Nissan and Daimler will turn to Mexico as they continue ramping up their rapidly growing partnership. The German maker is planning to set up a plant of its own next to the $2billion assembly complex the Japanese maker plans to open in Aguascalientes, Mexico in 2013.
The Daimler plant would be used to produce a wide range of small luxury products for both the Mercedes-Benz brand and Nissan’s Infiniti division. These are expected to include the next-generation A-class and a production version of the Etherea concept, which will share Daimler’s new MFA small car architecture. But Daimler and Nissan are also likely to produce some new battery-based models in Aguascalientes, senior sources confirmed.

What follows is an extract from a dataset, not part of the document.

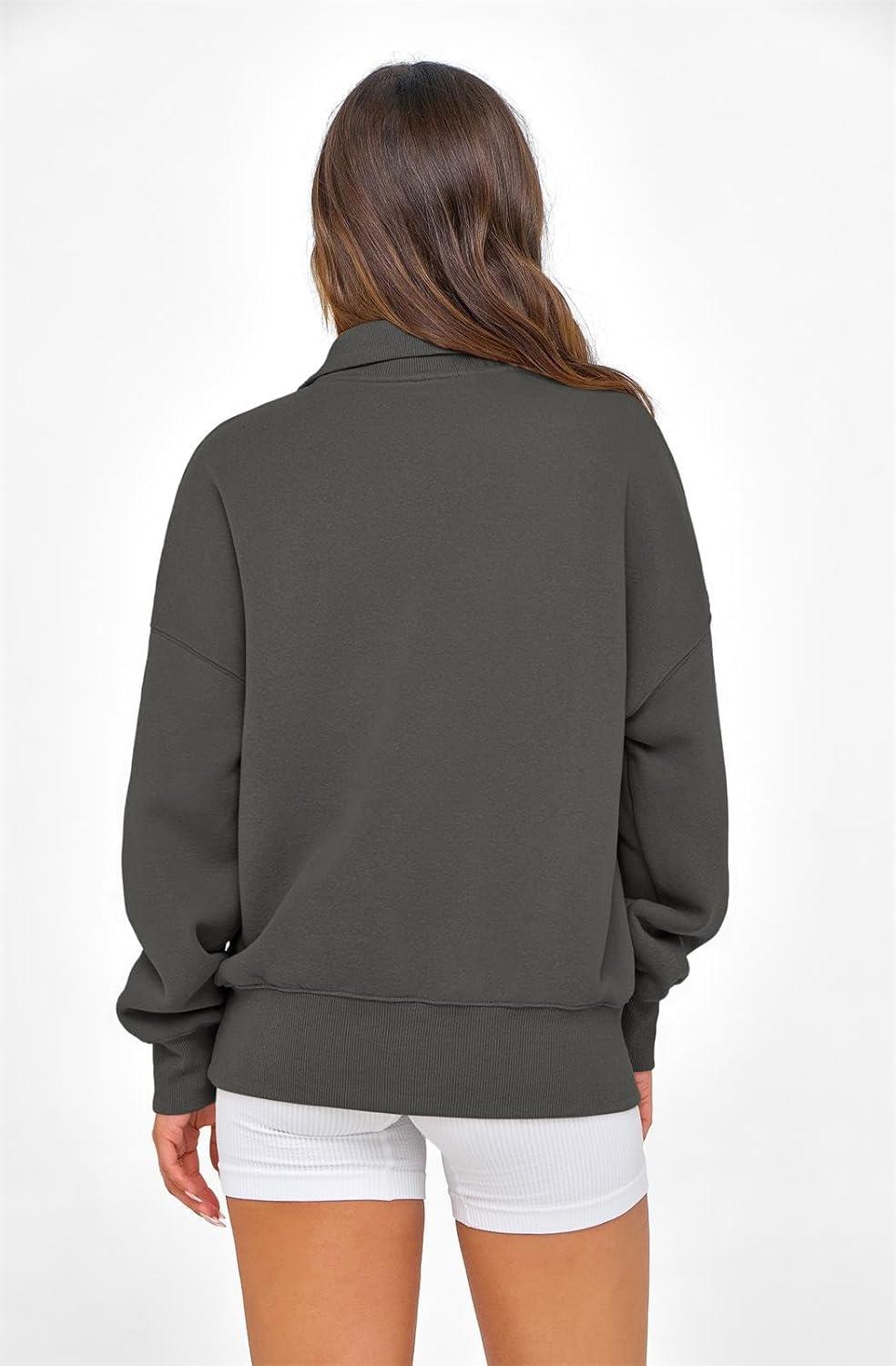 imagePRETTYGARDEN Womens Half Zip Oversized Sweatshirts Fleece Hoodies 2026 Trendy Long Sleeve Pullover Tops Y2k Spring OutfitsDark Grey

Officially, neither Daimler nor the Renault/Nissan Alliance would discuss the plan, though a spokesperson for the German company referred to a recent comment by CEO Dieter Zetsche in which he stressed that further joint ventures are under study.
The two makers have been looking for ways to co-operate since first teaming up in 2010. Just this month, Zetsche and Renault/Nissan CEO Carlos Ghosn jointly revealed they will produce a new line of four-cylinder engines at the Nissan powertrain plant in Decherd, Tennessee. It will be used in the new Mercedes C-class and some unnamed Infiniti and Nissan models.

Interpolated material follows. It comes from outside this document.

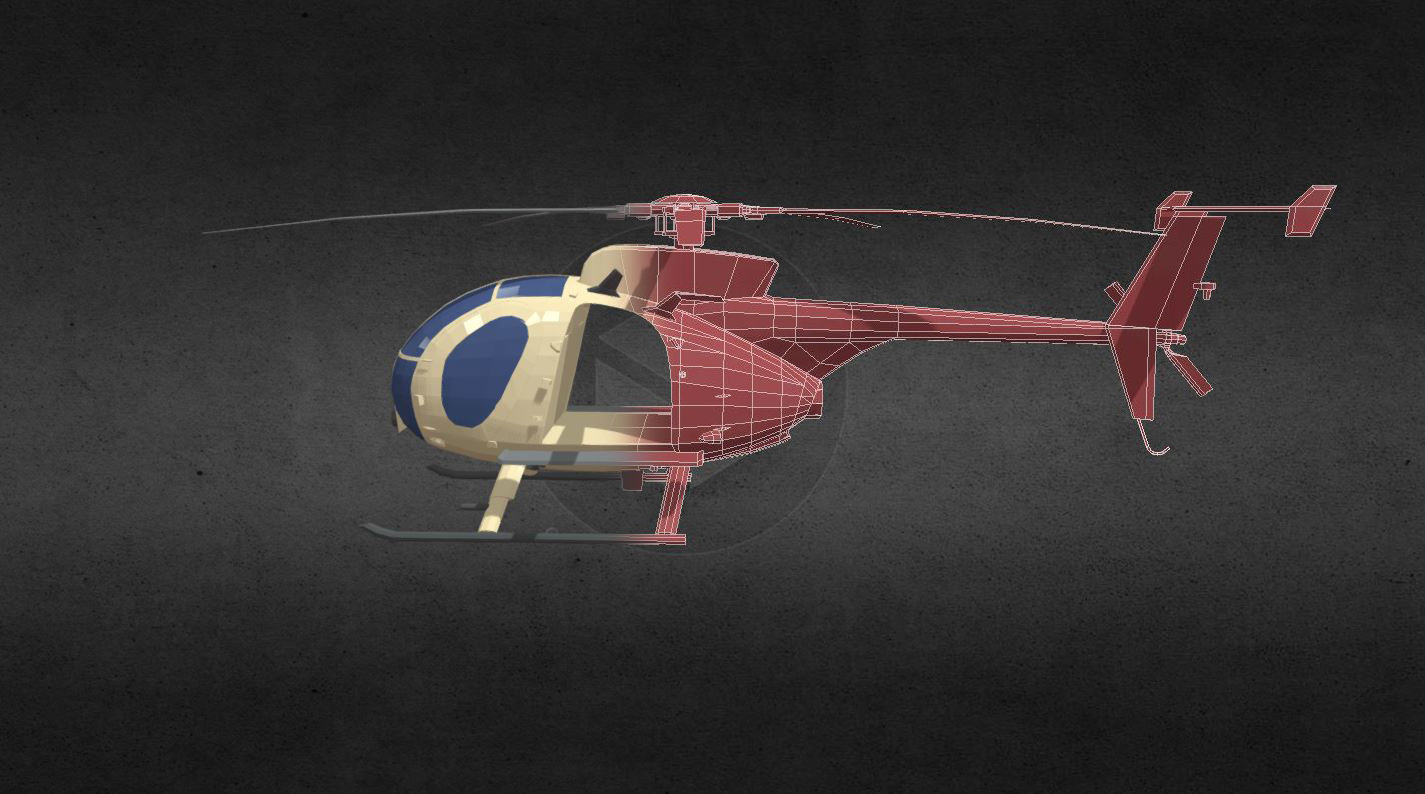 MH-6 helicopter Low-poly 3D model_6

Last autumn, during the Frankfurt motor show, Daimler confirmed that the new MFA compact luxury car “architecture” will be shared with Nissan for the upcoming production version of the Infiniti Etherea concept unveiled at the Geneva motor show in March 2011. Daimler, meanwhile, will use the MFA platform for at least five different models, including both the next-generation A- and B-class lines.
Nissan announced plans for its new Mexican assembly complex this week, noting that two existing plants there are now at capacity, producing a record 600,000 vehicles in 2012. The new factory will help bump that to one million units or more in the coming years. That will help satisfy growing demand in the region – while also allowing Nissan to sidestep the impact of a strong yen on corporate profits.